But problems quickly emerged when the PPA moved workers into the property last year. Sewage persistently backed up into the bathrooms. The Inquirer learned that building permits were not properly obtained for some of the work, and there were disputes over whether the authority was properly licensed to occupy the property. Weeks after the move-in, the PPA pulled its workers from Lot 9 and began a lawsuit against the property owners and developers.

Under the agreement, Chernow has agreed to repay the PPA $1.9 million over several years. T&M Associates, a New Jersey-based construction management firm retained for the project, agreed to reimburse a little under $200,000 in both cash and forgiven invoices.

That figure still falls seven figures short of the PPA’s investment.

Parking authority leaders have refused to publicly discuss the project due to the litigation. Even now, with the case settled, they offered few details about what happened, what went wrong, or whether Petri’s firing last month had anything to do with the botched real estate deal.

“The estimated total lost is $1,161,340,” said spokesperson O’Rourke in an emailed statement.

» READ MORE: The Philadelphia Parking Authority sank millions into a new towing headquarters. Now it’s vacant.

An attorney for the owners of Chernow Development, George Mannosis and Sean Frankel, did not return phone calls and emails for comment. Phone calls to T&M Associates were not returned Thursday.

Financial records obtained by The Inquirer showed expenditures on Lot 9 totaled more than $3.6 million. But O’Rourke said the estimated cost was closer to $3,483,340, as the authority expects to repurpose office furniture and physical assets purchased for administrative buildings. (Under the settlement, the PPA retains rights to the Lot 9 properties to retrieve belongings throughout the repayment period.)

PPA’s estimated loss does not include the hours that staff spent working on the project since 2019. Questions also linger over the project’s financing, which was tied to revenues shared with the city and school district, neither of which knew of Lot 9′s existence.

Last month, Kevin Lessard, a spokesperson for the city, said officials in the city’s Finance Department “do not recall nor have any records showing PPA informing us of these expenditures.” Lessard did not have any comment this week on the settlement.

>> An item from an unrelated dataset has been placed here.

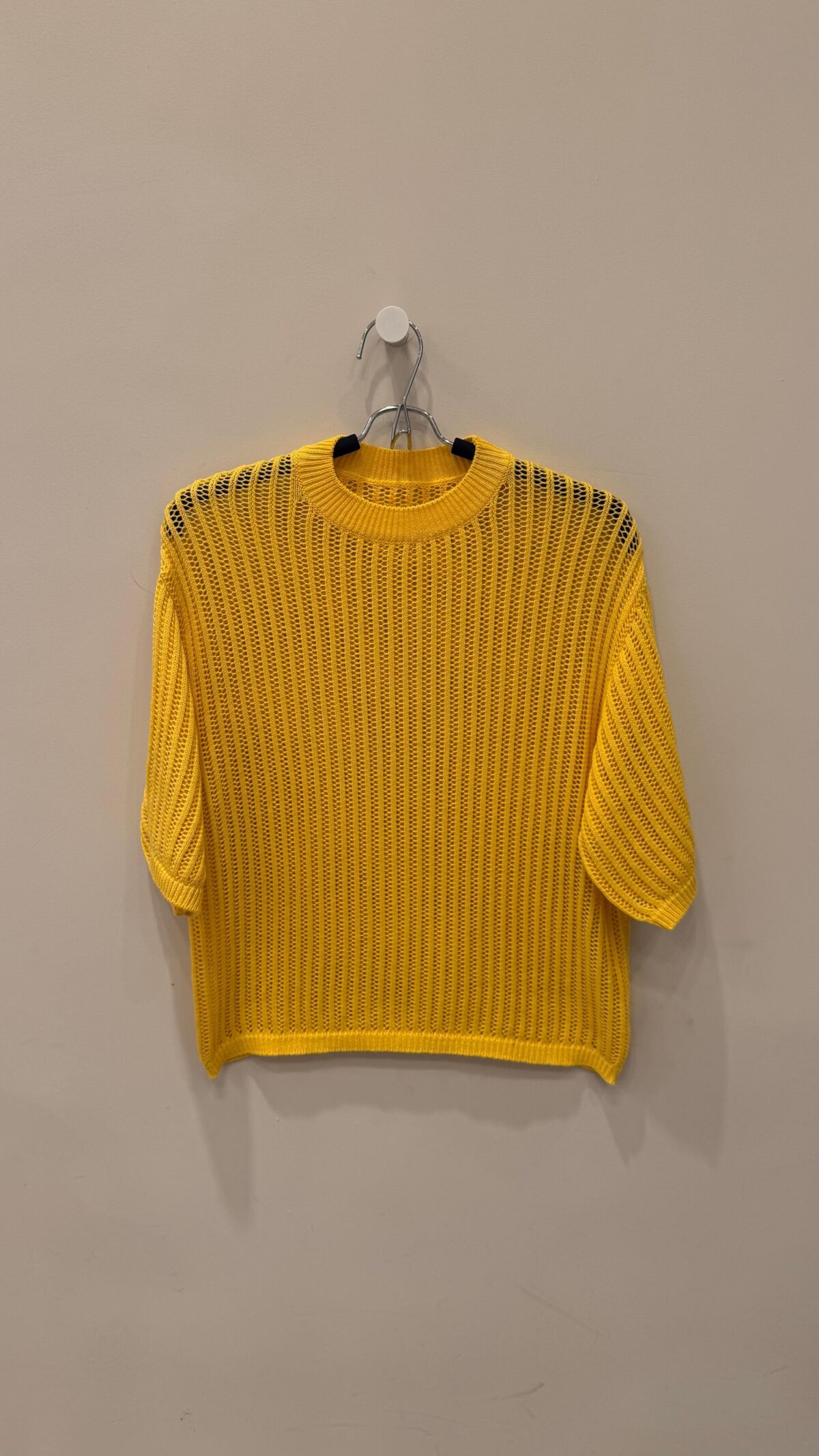 ART 683 Sweater calado manga corta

The aborted Lot 9 project also troubled City Controller Rebecca Rhynhart, who last month called it “indicative of the fact that the PPA isn’t accountable to any city or state oversight.”

“There’s no transparency and accountability around what they spend,” she said.

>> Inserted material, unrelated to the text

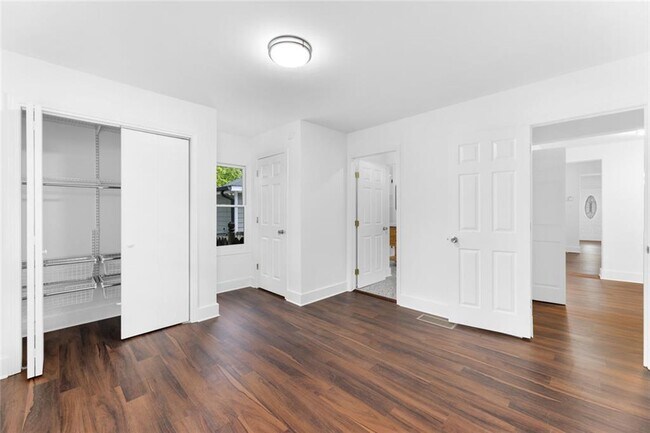 Building Photo - 487 Pasley Ave SE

» READ MORE: Philadelphia Parking Authority abruptly ousts executive director Scott Petri

PPA general counsel Dennis Weldon, who, with Petri gone, is now serving as the PPA’s interim director, declined a request for an interview on the project. Board chair Beth Grossman declined comment.

The other PPA board members who approved the settlement — vice chairman Al Taubenberger, Lynette Brown-Sow, Patricia Furlong, and Obra S. Kernodle IV — either declined to comment, did not respond to requests for comment, or had voice mail systems that were full and would not accept new messages.

With the PPA out for good, it remains unclear what the future holds for the old Richmond Generating Station, which has sat dormant since its 1985 closure. Records show the owners sought historical designation for the hulking Beaux Arts-style plant and, last year, won $1 million in state grants to restore the 500,000-square-foot building.

“What happens with Lot 9 — that is no longer a PPA issue,” O’Rourke said.

Next up? Lot 10.

O’Rourke confirmed the PPA is in the process of rebuilding its impound headquarters on Oregon Avenue in South Philadelphia.